How To Create Container Images for Azure Container Service (ACS)

If you have come across Azure Container Service (ACS) you need to know that it’s a useful service that allows users to host containerized system components without worrying about the high cost of management. To simplify the process of creating and using Dockers containers, Azure offers the ACS which helps to host Docker containers in the cloud. It’s also an essential service that allows optimal configuration of an open-sourced orchestration tools such as Docker Swarm and DC/OS.

In this article, we look at how to use Docker to create images, then push these images to Azure Container Service (ACS).

If you haven’t installed the Docker client on your system, start by installing it by visiting the link https://get.docker.com/builds/Windows/x86_64/docker-latest.zip. Copy the file named “docker.exe” located in the “docker” subdirectory.

Prerequisites

You will need the following to create a container image for ACS.

  • A Microsoft Azure active subscription.
  • Docker client for macOS, Windows, or Linux.
  • PuTTY for Window users only.

Step 1: Create an application

If you’re using a Mac Os or Linux open, a new window. For Windows, open a command prompt window and go to the “resources” directory. The section features a list of files that will be used to build a container image.

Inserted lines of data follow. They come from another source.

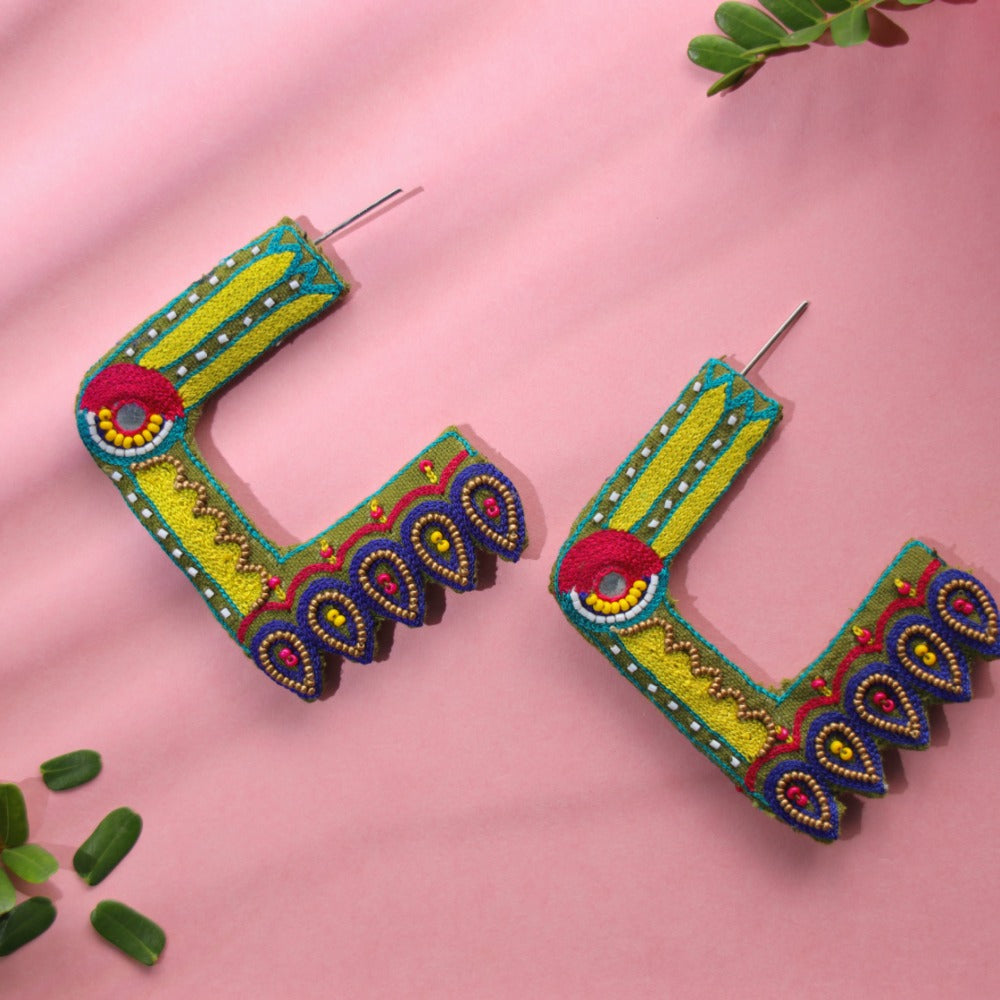 Booyah! Handmade hoop earrings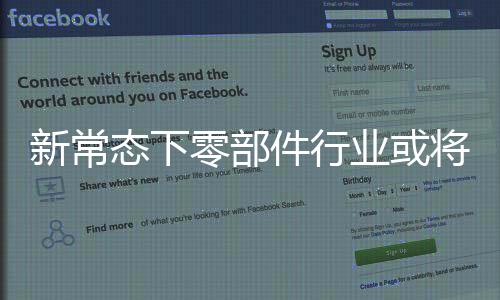 新常態下零部件行業或將走向兩極分化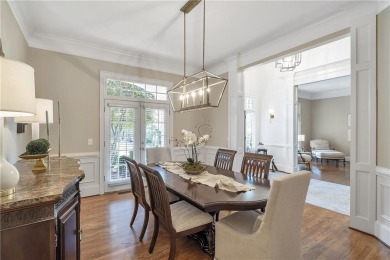 Southern-Inspired Cape Cod Estate on the 15th Hole in Gated on Alpharetta Athletic Club East in Georgia - for sale on GolfHomes.com, golf home, golf lot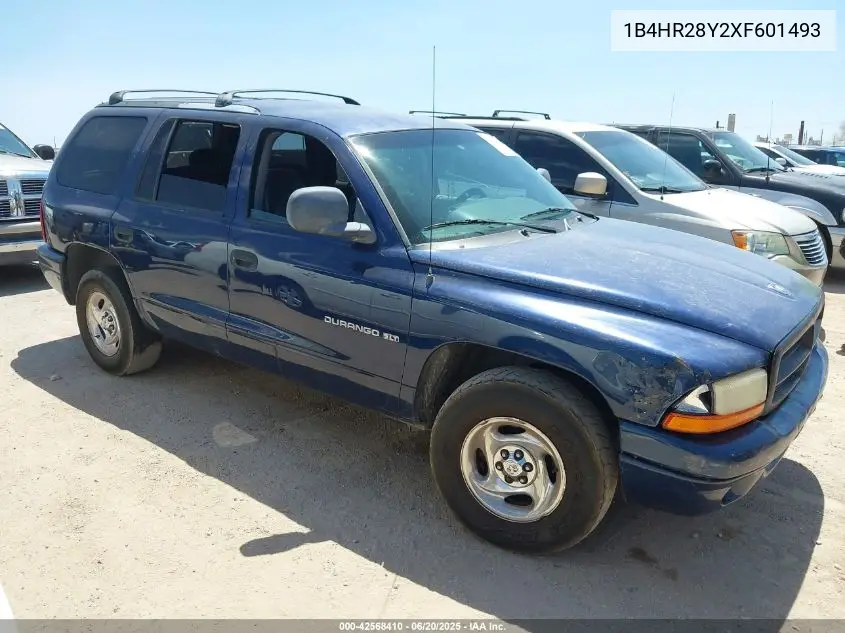 1999 Dodge Durango VIN: 1B4HR28Y2XF601493 Lot: 42568410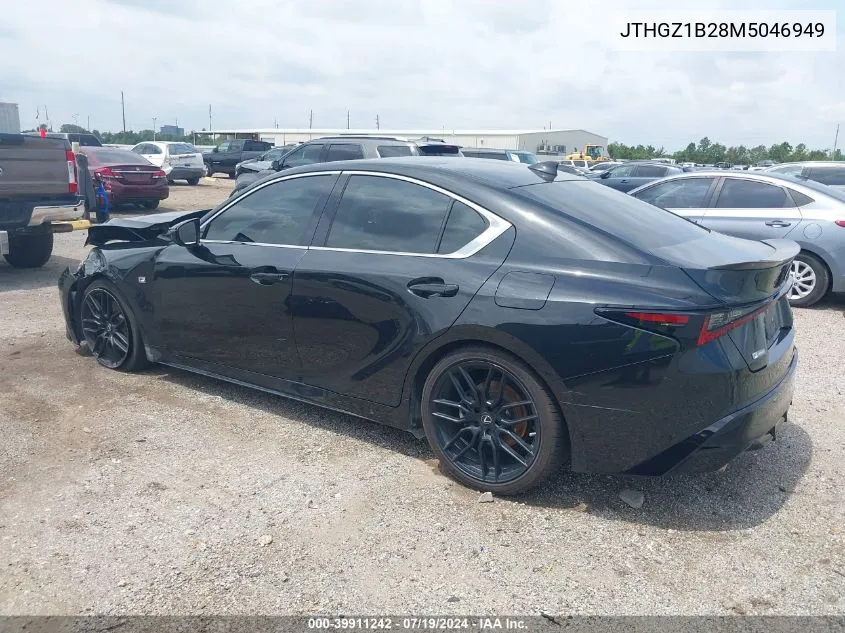 2021 Lexus Is 350 F Sport VIN: JTHGZ1B28M5046949 Lot: 39911242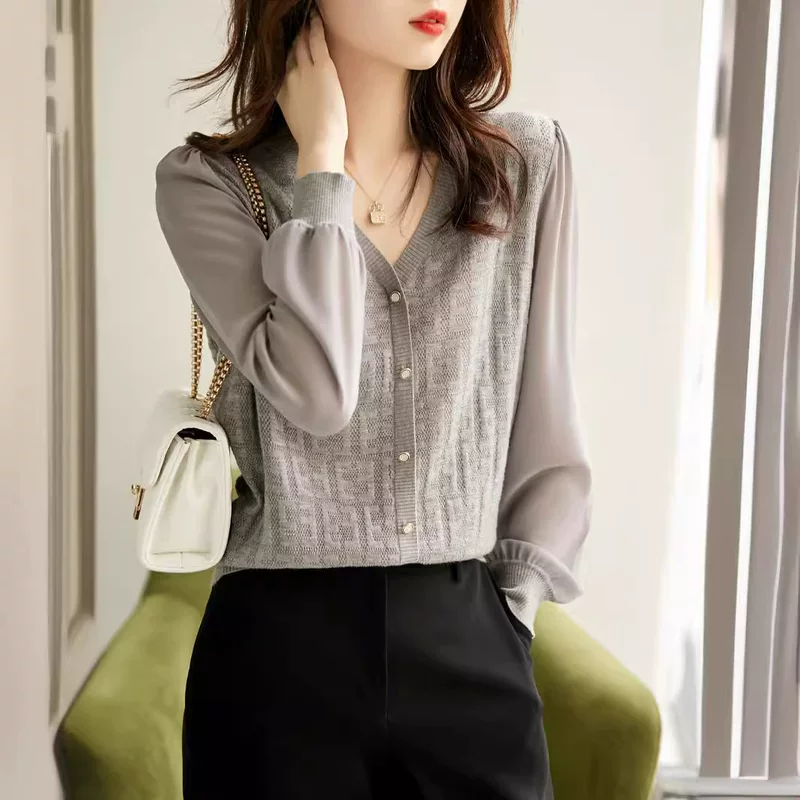 (Cross-border trading), knitted autumn thin sweater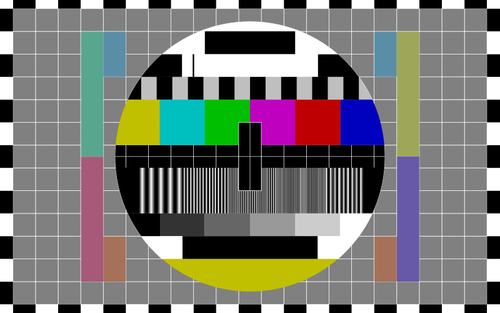 TV testovací obrazovku vektorové ilustrace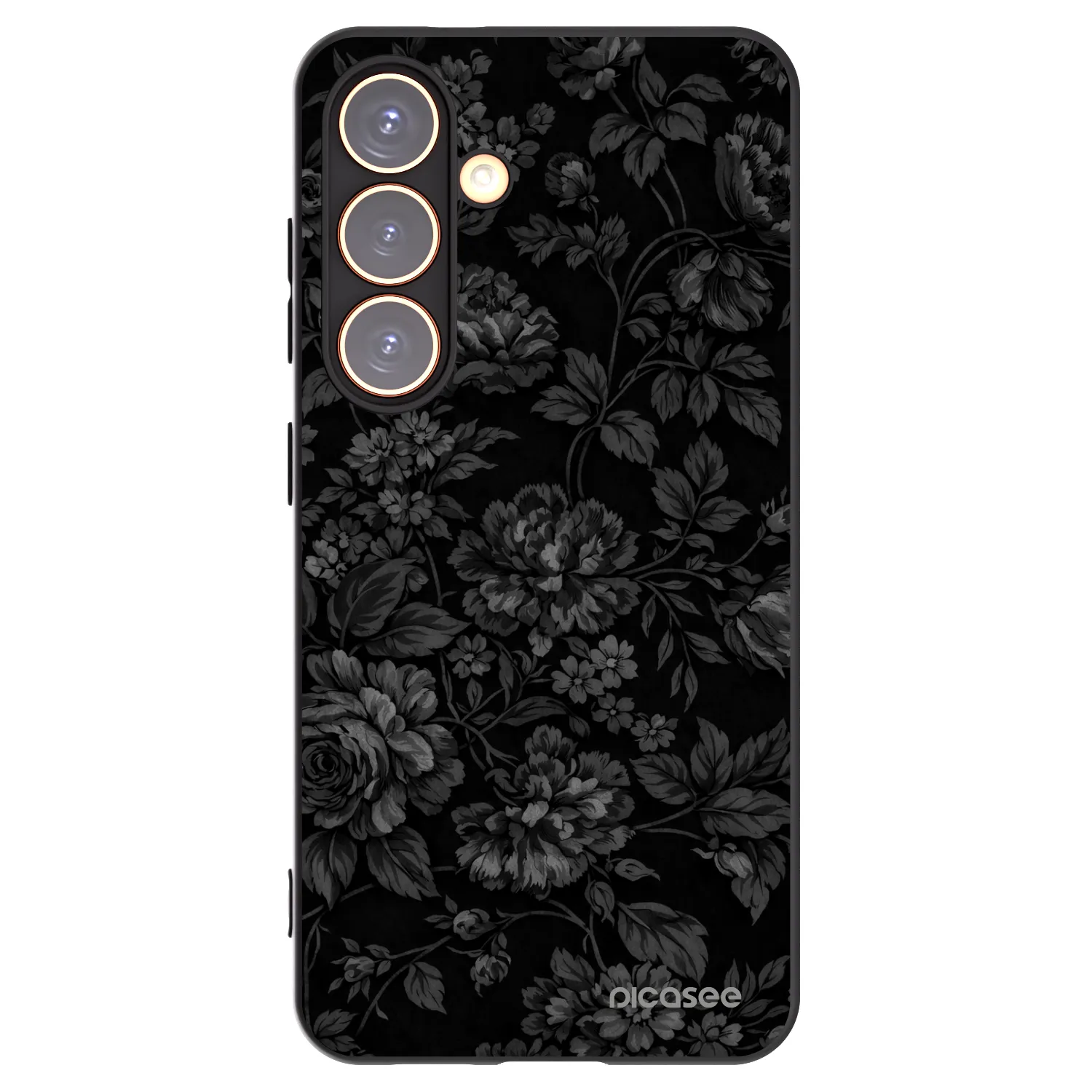 Picasee Samsung Galaxy S24 S921B 5G Hülle - Schwarzes Silikon - Dark Romance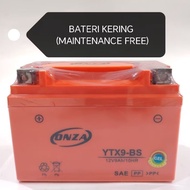 KAWASAKI Z250 KAWASAKI Z400 BATTERY YTX9-BS MAINTENANCE FREE BATTERY KAWASAKI Z250 KAWASAKI Z400 BAT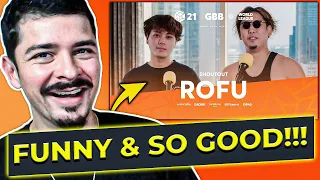 COLAPS REACTS | Rofu 🇯🇵 | ピーポーピーポー | GBB21 | Studio Session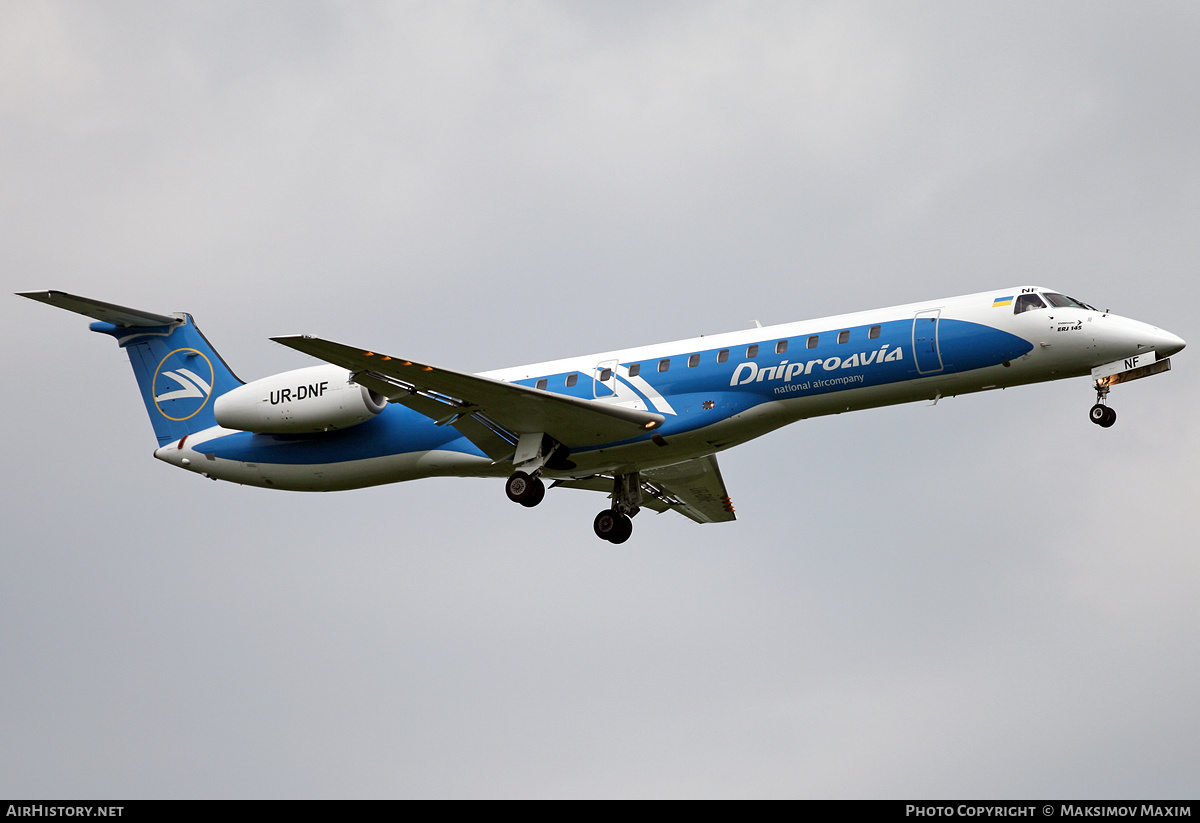 Aircraft Photo of UR-DNF | Embraer ERJ-145EU (EMB-145EU) | Dniproavia | AirHistory.net #186895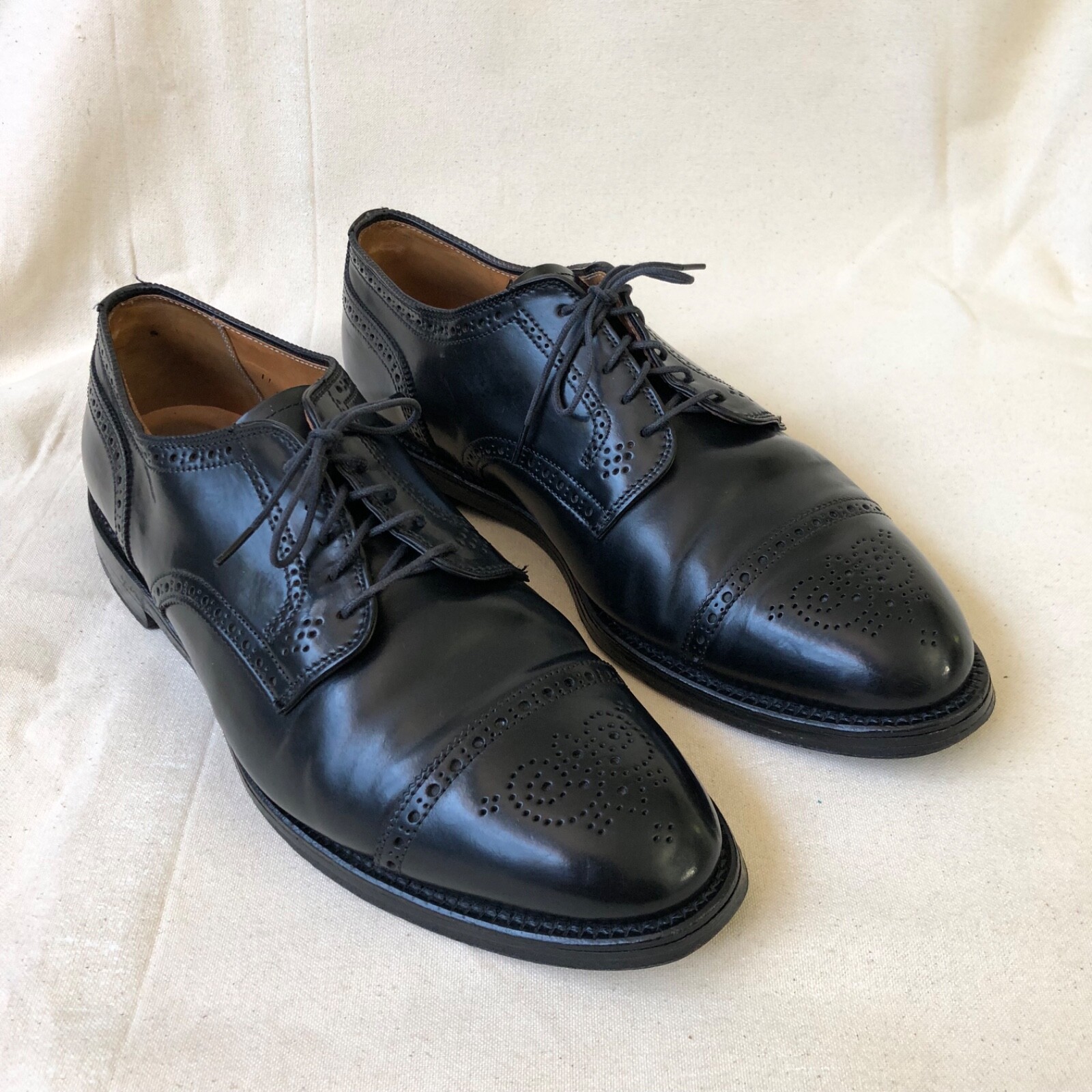 Alden 2146 Black Shell Cordovan Medallion Tip Blucher | Alden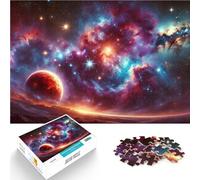 jigsaw 1000 pieces for teenagers Cosmic Nebula Landscape Stressabbau-Spielzeug Geschenke für Freunde und Familie52x38cm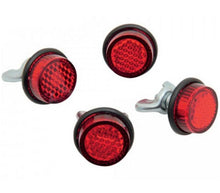 Mini Reflectors Red 4/Pk
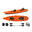 Canoa Mojito Fishing Big Mama Kayak posti 2+1, 380cm, ruote, pagaie, seggiolini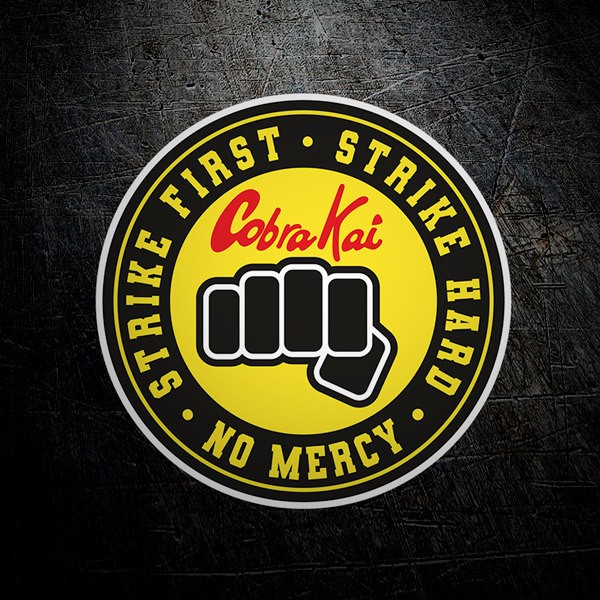 Adesivi per Auto e Moto: Cobra Kai Pugno No Mercy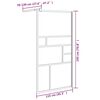 vidaXL Walk-in Shower Wall 115x195 cm ESG Glass White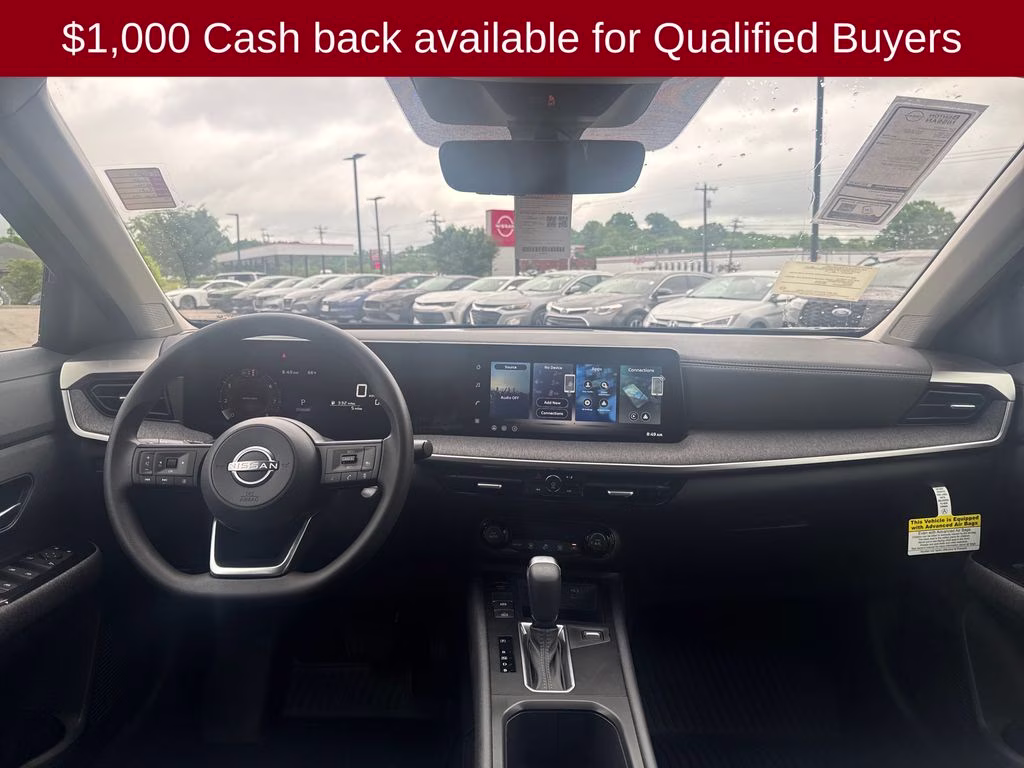 2026 Super Black Nissan Kicks SV AWD SUV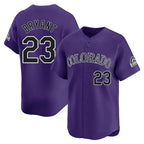 C.Rockies #23 Kris Bryant Player Purple Limited Home Fdoa Stitched Jerseys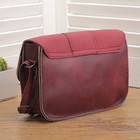 Сумка женская, отдел на магните, регулируемый ремень, цвет бордовый - Фото 2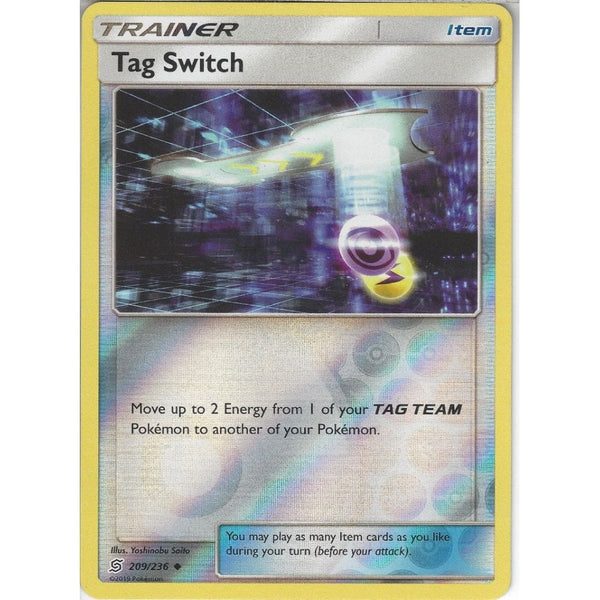Pokemon Trading Card Game 209/236 Tag Switch | Uncommon Reverse Holo Card | SM11 Unified Minds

Among the content in this directory is a file labeled “Dockerfile” where Docker is stored. This will be used to create your image. You will also find a Python script written as convertimages.py as well as the “input” and “output” subdirectories.

To command the Docker client to send information to the localhost in the Azure Container Service, run the commands below.

For MacOS or Linux:

export DOCKER_HOST=tcp://127.0.0.1:22375

For windows:

set DOCKER_HOST=tcp://127.0.0.1:22375

The above command uses port 2375 because Docker Swarm pays attention to it.

In the “resources” directory, run the command below to start creating your container image in the “Ubuntu-convert” directory. It’s the same file where Python script and other subdirectories are stored. Type the details of the file at the end of your command:

docker build --no-cache --tag ubuntu-convert

The command may take a while to complete. Then go ahead and run the next command to start listing all the images present. Ensure “ubuntu-convert” is in the list of images:

docker images

Step 2: Run the Container Image

Using the command below, run the container image and label it as "acslab:"

docker run -dit --name acslab ubuntu-convert /bin/bash

Once the container starts running, execute your Python script. To do so, run the command below:

docker exec -it acslab /convertimages.py

If the command above runs successfully, the result subdirectory should show JPG files in form of grayscale versions in the “input” directory. To copy the “output’” files in the subdirectory from the container image files to your machine, type the command below:

docker cp acslab:/output

To stop the process, run the command below:

docker stop acslab

To remove the  "acslab" container, run the command below:

Now, go to the “resources” subdirectory and list the details in the “output” directory to verify they are about eight image files extracted from the Azure container.

To confirm this, open one of the image files with a grayscale image.

Conclusion

There you have it. You have created a Docker image and successfully run it in Azure Container Service. Now you can close the terminal window for macOS and Linux or command prompt for Windows since the process is complete. We hope this tutorial was helpful.